■ TASK DIRECTIONS:
In the data below, the answer is the run of lines from the line containing "Used 2024 Hyundai" through the line containing "Bayliner 2651 Sunbridge", both included; print it exactly and nothing else.

■ SOURCE DATA:
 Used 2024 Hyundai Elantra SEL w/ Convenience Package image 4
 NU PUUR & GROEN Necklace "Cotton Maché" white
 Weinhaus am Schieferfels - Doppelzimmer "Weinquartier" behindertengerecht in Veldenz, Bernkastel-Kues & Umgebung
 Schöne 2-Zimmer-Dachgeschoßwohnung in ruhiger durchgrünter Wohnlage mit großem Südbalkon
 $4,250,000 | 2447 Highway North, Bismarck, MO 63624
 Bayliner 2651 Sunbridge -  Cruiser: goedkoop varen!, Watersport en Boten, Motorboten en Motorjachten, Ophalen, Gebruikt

--

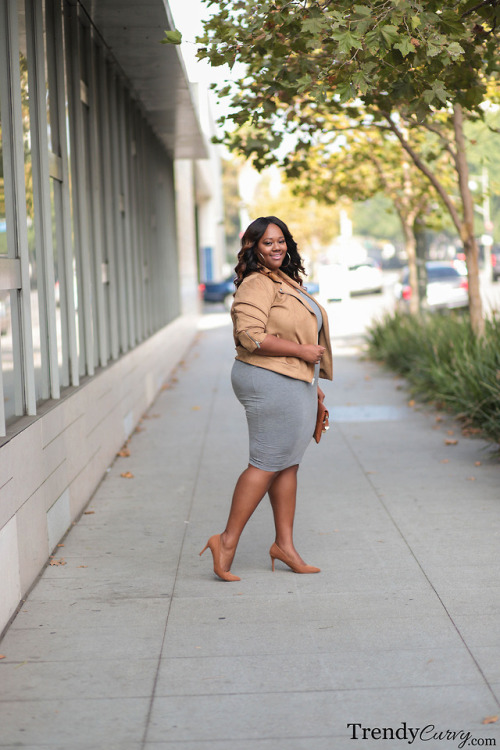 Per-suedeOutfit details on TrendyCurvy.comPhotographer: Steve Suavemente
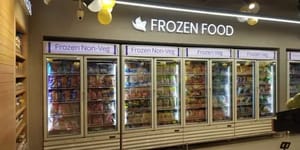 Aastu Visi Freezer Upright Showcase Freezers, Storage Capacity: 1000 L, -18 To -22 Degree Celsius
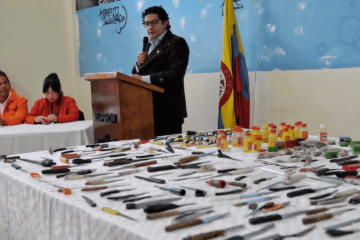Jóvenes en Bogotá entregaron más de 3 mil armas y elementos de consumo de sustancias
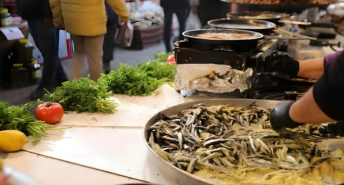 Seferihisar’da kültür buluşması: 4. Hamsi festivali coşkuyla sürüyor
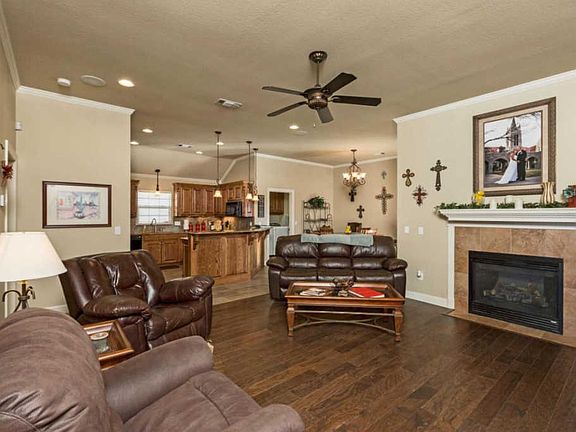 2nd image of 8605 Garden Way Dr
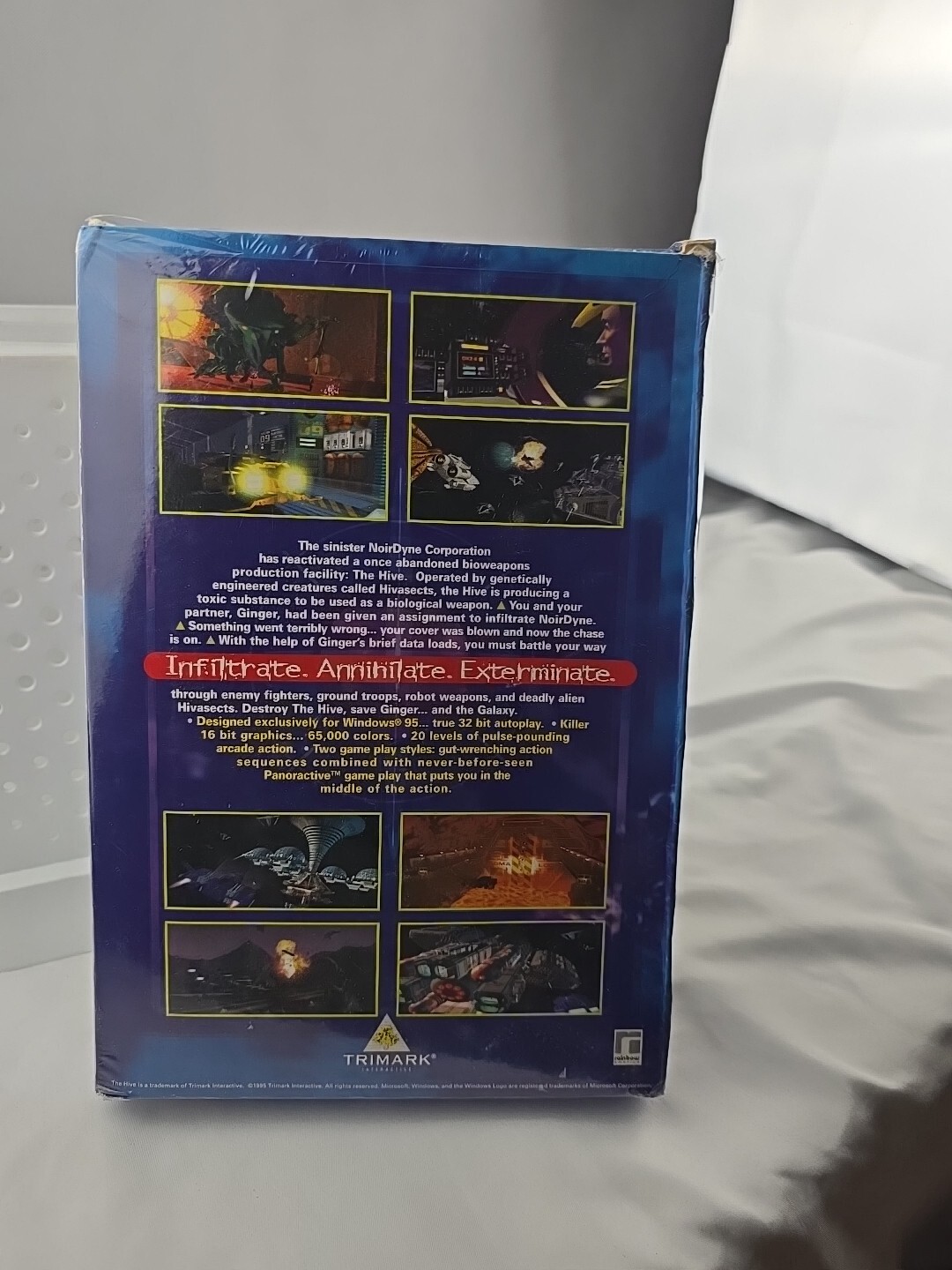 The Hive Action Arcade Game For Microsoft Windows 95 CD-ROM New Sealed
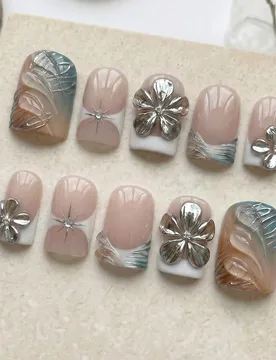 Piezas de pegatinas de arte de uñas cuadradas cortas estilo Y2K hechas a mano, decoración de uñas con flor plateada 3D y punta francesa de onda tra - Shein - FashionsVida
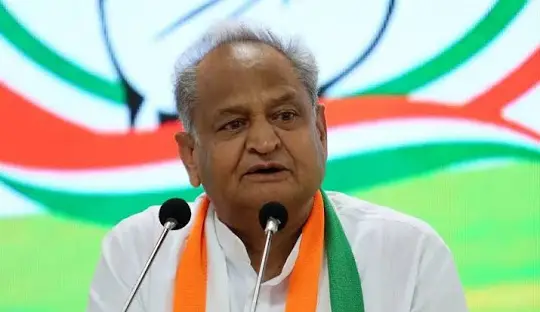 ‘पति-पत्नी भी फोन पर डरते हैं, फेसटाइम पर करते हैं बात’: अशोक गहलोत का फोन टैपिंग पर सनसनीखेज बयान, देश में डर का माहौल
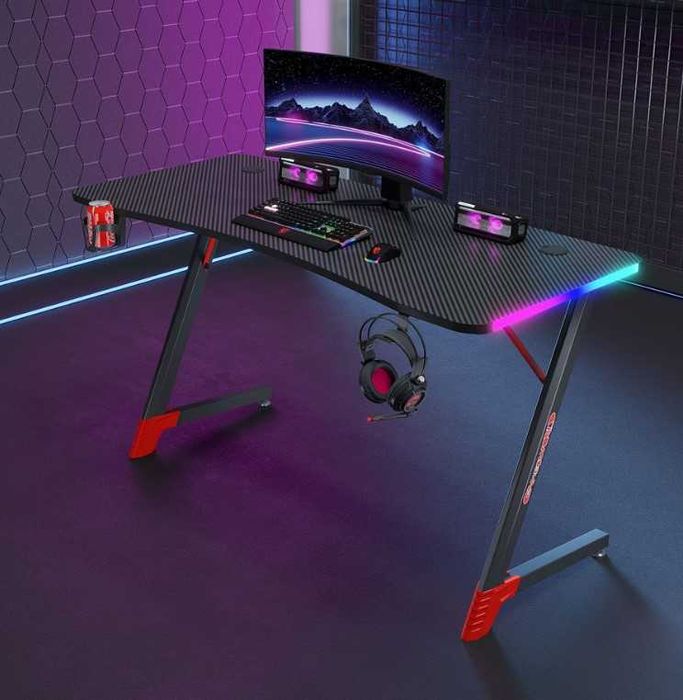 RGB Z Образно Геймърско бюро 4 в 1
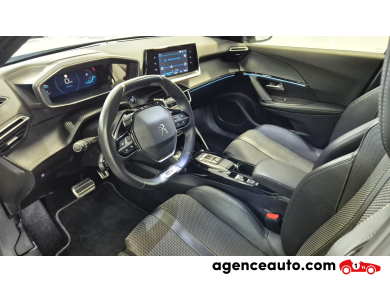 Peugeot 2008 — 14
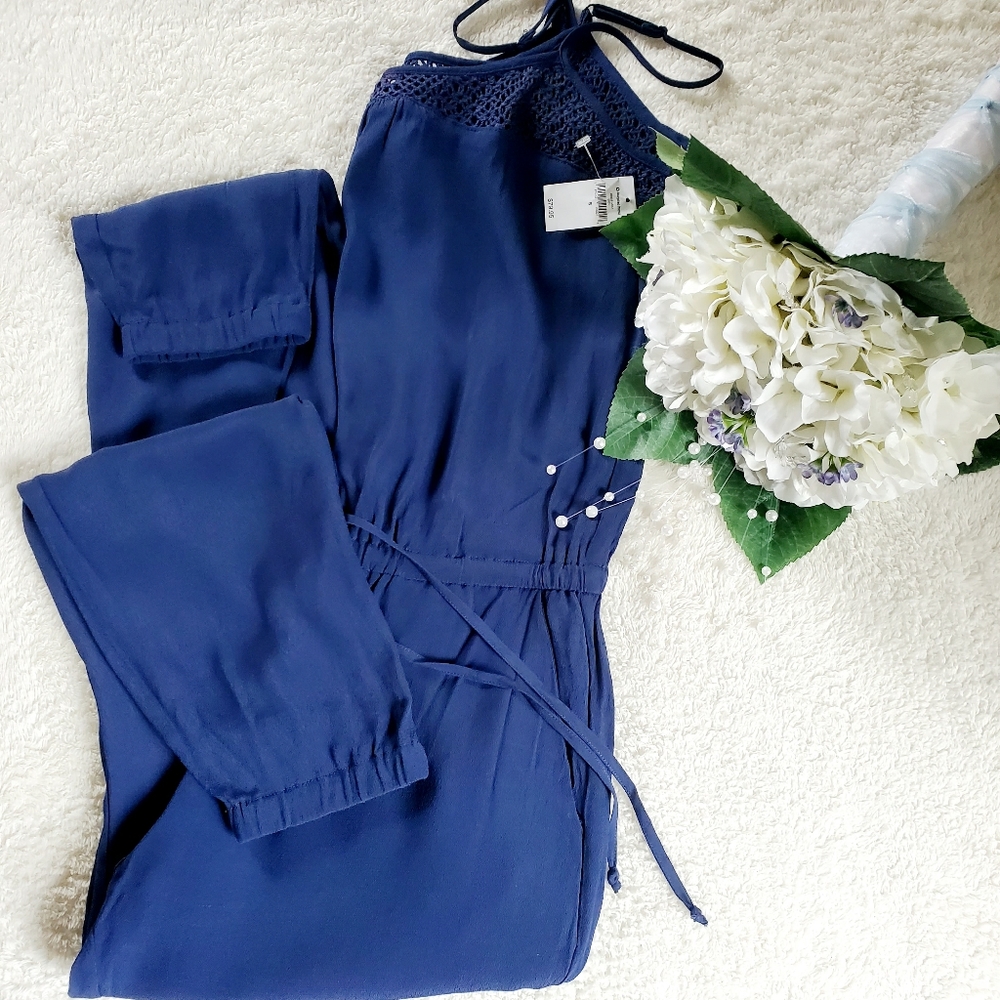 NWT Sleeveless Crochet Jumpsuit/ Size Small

■ EXERCISE OUTPUT:
 Used 2024 Hyundai Elantra SEL w/ Convenience Package image 4
 NU PUUR & GROEN Necklace "Cotton Maché" white
 Weinhaus am Schieferfels - Doppelzimmer "Weinquartier" behindertengerecht in Veldenz, Bernkastel-Kues & Umgebung
 Schöne 2-Zimmer-Dachgeschoßwohnung in ruhiger durchgrünter Wohnlage mit großem Südbalkon
 $4,250,000 | 2447 Highway North, Bismarck, MO 63624
 Bayliner 2651 Sunbridge -  Cruiser: goedkoop varen!, Watersport en Boten, Motorboten en Motorjachten, Ophalen, Gebruikt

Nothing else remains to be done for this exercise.